>>>>>

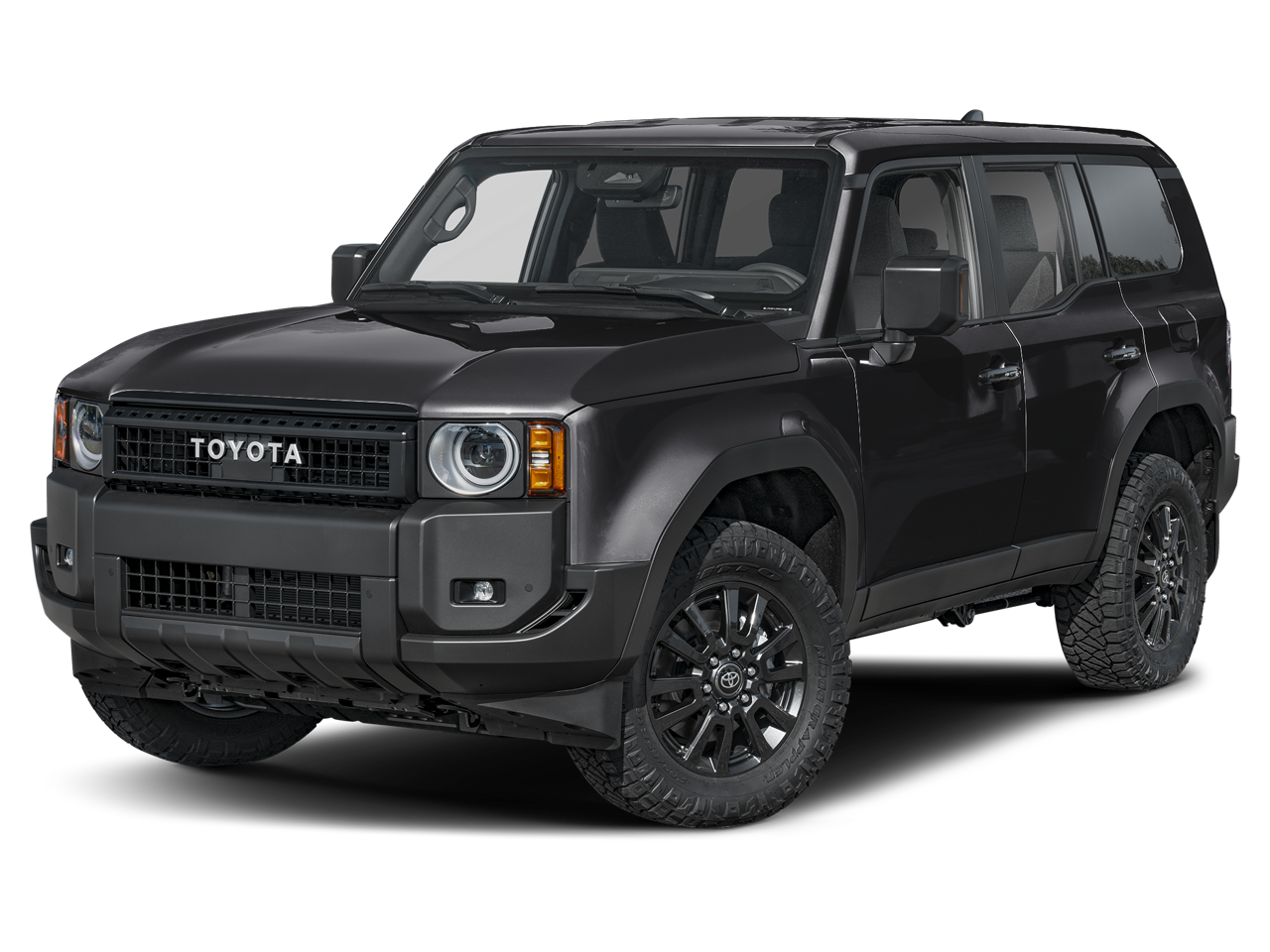 2024 Toyota Land Cruiser Land Cruiser 1958 for sale in Ames, IA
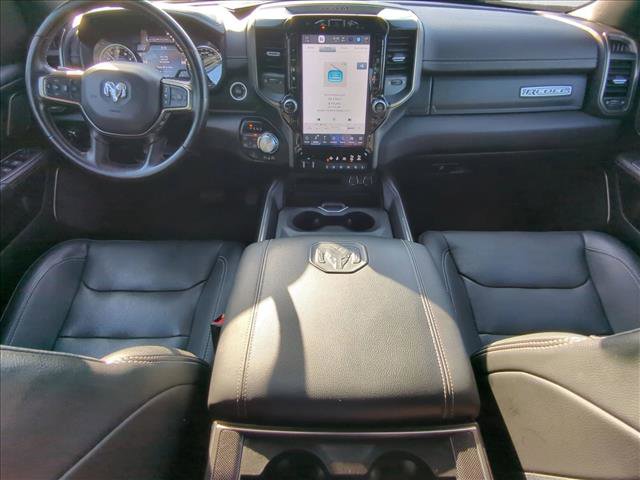 Used 2022 RAM 1500 Rebel w/ Rebel Level B Equipment Group image 17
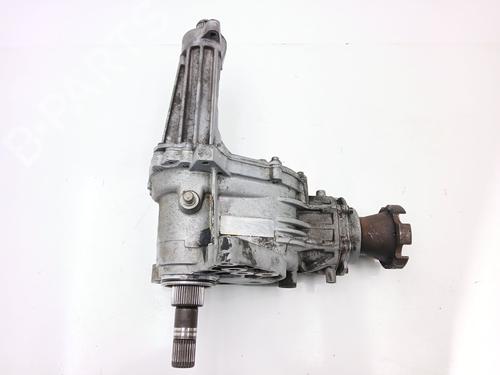 Front differential OPEL ANTARA A (L07) 2.0 CDTI | BP30834632M23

<<<<<

Exercise instructions: Only the lines from the line with "Used 2022 RAM" through the closing line of the data, both included, should be set down, exactly as written and without pictures.

Exercise answer:
 Used 2022 RAM 1500 Rebel w/ Rebel Level B Equipment Group image 17
 Front differential OPEL ANTARA A (L07) 2.0 CDTI | BP30834632M23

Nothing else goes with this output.